= Controller General of Accounts (Pakistan) =

The Controller General of Accounts (CGA) is the premier accounting office of the Government of Pakistan. The Office is entrusted with the task of producing accurate and timely financial statements for the federation. It was formed under an ordinance issued in 2001. The Office achieves task through dedicated human resources, immense investment in infrastructure and strict quality control checks by the Senior Officers.
It is also responsible for disbursing government money in form of payments of salaries and allowances to government servants and payments to contractors. All these transactions and any other transactions by Government of Pakistan, are captured in the SAP ERP and then the information is used to generate monthly, quarterly and yearly financials. The Controller General of Accounts is appointed by the President from amongst the officers of the Accounts Group and shall hold a civil service rank of BPS 22.

==Detailed functions ==
The functions of the Controller General are:
- to prepare and maintain the accounts of Pakistan, the Provinces and district governments in such forms and in accordance with such methods and principles as the Auditor-General may, with the approval of the President, prescribe from time to time.
- to authorize payments and withdrawals from the Consolidated Fund and Public Accounts of the Federal and Provincial Governments against approved budgetary provisions after pre-audited checks as the Auditor-General may, from time to time, prescribe.
- to prepare and maintain accounts of such organizations and authorities established, set up or controlled by the Federation or Provinces as may be assigned to him by the President or, as the case may be, the Governor of a Province.
- to lay down the principles governing the internal financial control for Government departments in consultation with the Ministry of Finance and the Provincial Finance departments as the case may be.
- to render advice on accounting proceeding for new scheme, programmes or activities undertaken by the Government concerned.
- to submit accounts compiled by him on any other person responsible in that behalf, after the close of each financial year, to the Auditor-General, showing under the respective heads, the annual receipts and disbursements for the purpose of Federation and of each Province within the time-frame prescribed by the Auditor-General.
- to provide, in so far as the accounts compiled by him permit, to the Federal Government or, as the case may be, the Provincial
- develop and maintain an efficient system of pension, provident funds and other retirement benefits in consultation with the concerned Government.
- to co-ordinate and ensure resolution of audit observation of the Audit Department with the concerned departments
- to prescribe syllabus, standards and provide facilities for the training of officers and staff under his administrative control.
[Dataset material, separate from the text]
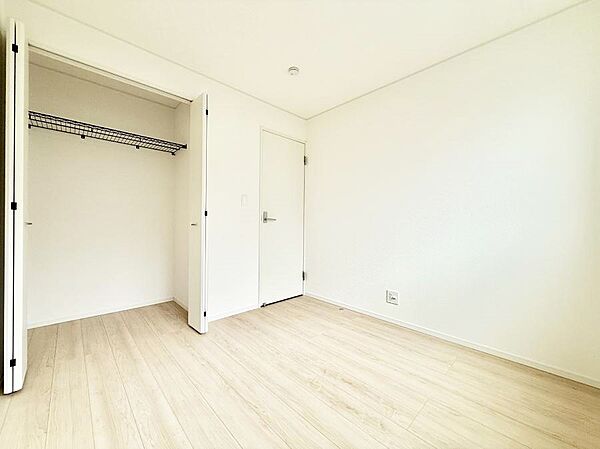 寝室を拡大表示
==Certain offices to work under the control of the CGA==
- The Controller General shall have such offices at the Federal, Provincial and district levels and such officers working in these offices as may be notified for this purpose by the Federal Government and the respective Provincial Government.
- Until such time the offices of the Controller General specified in sub-section (1) are notified the following accounting organizations shall work under the Controller General, namely:
  - the Accountant General of Pakistan Revenues and its sub-offices
  - the Military Accountant General and its sub-offices
  - the Offices of the Provincial Accountants General of each Province and the offices subordinate to them
  - the Chief Accounts Officers of the departmentalized accounting offices
  - any other departmentalized accounting organizations as well as their sub-offices.
- The Controller General shall be the administrative head of all the offices subordinate to him with full authority for transfer and posting within his organization.